What the task asks
Among the entries below, only the lines from the one with "Car Image - 2LaAzPFZH6mEj3ceNtOOYl" through the one with "Apartment San Marco Canal View By Bricola" are to be retyped, exactly and without pictures.

Given records
# # # # # # #

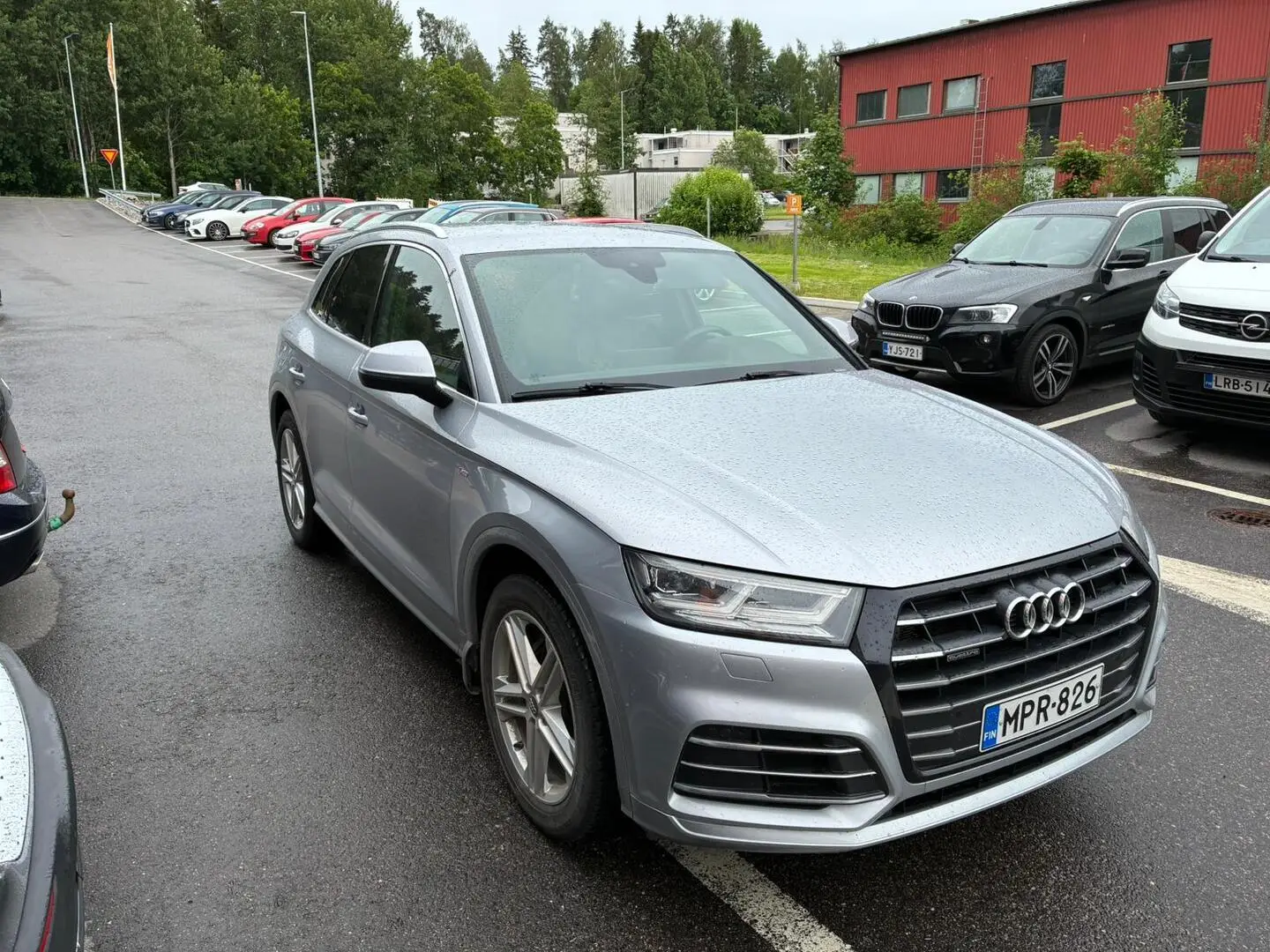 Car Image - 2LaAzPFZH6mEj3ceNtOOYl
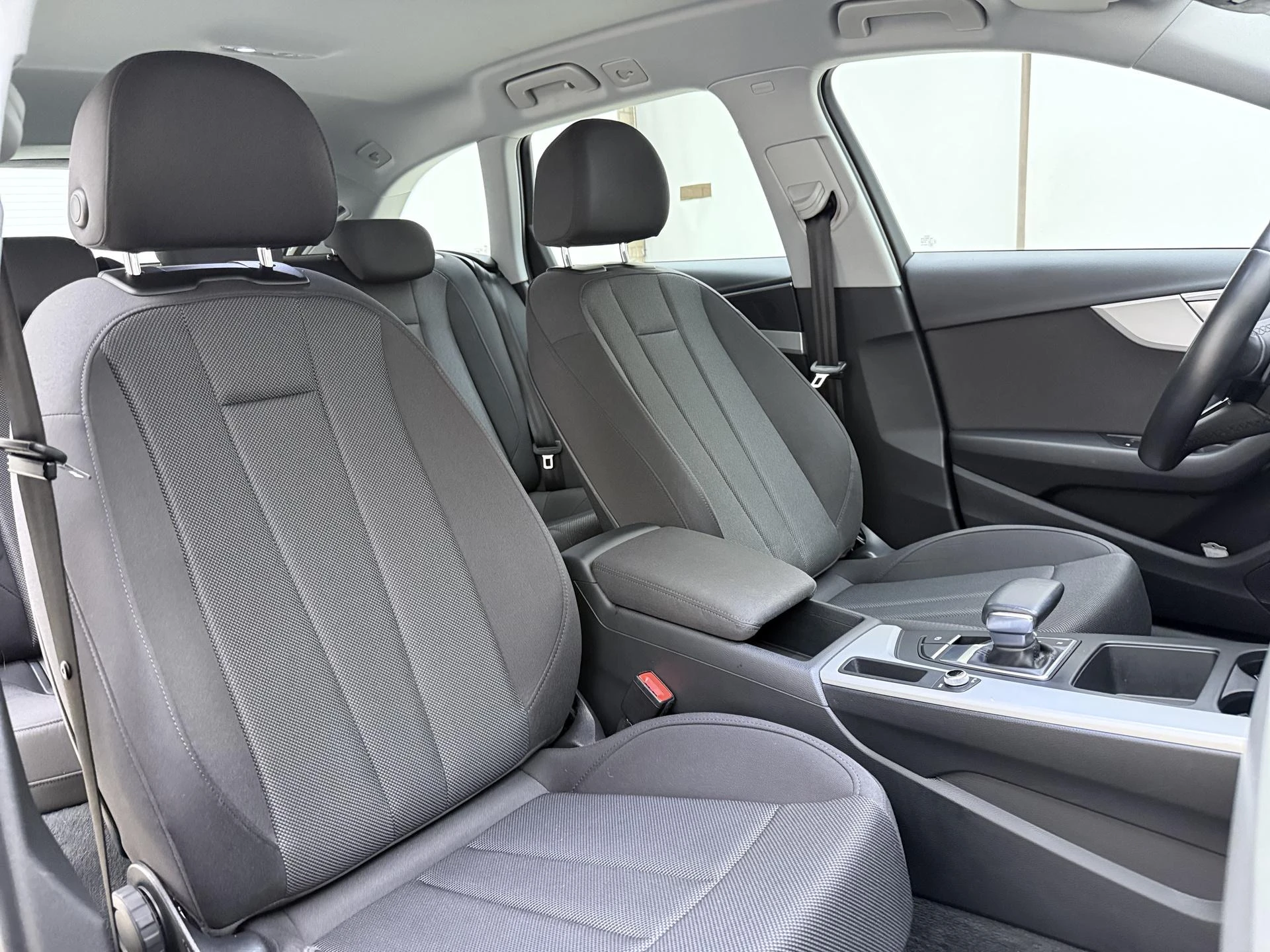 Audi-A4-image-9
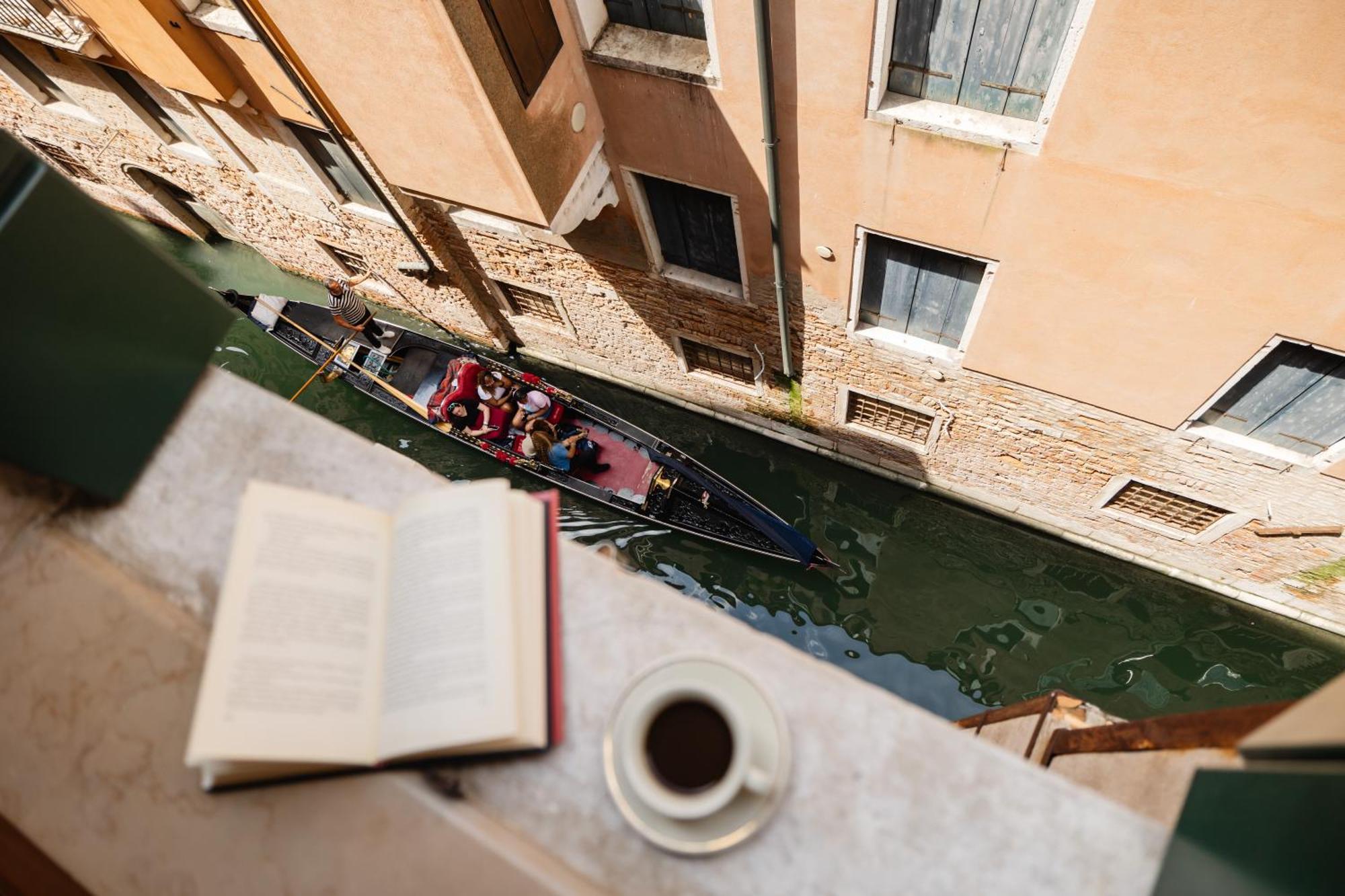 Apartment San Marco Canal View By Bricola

# # # # # # #

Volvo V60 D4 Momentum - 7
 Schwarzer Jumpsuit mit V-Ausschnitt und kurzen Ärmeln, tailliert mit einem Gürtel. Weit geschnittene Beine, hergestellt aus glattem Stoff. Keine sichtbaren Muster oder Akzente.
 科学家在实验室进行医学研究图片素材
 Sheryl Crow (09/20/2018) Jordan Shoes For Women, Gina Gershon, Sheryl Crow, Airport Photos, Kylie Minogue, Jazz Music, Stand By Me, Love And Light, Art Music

# # # # # # #

Answer below
 Car Image - 2LaAzPFZH6mEj3ceNtOOYl
 Audi-A4-image-9
 Apartment San Marco Canal View By Bricola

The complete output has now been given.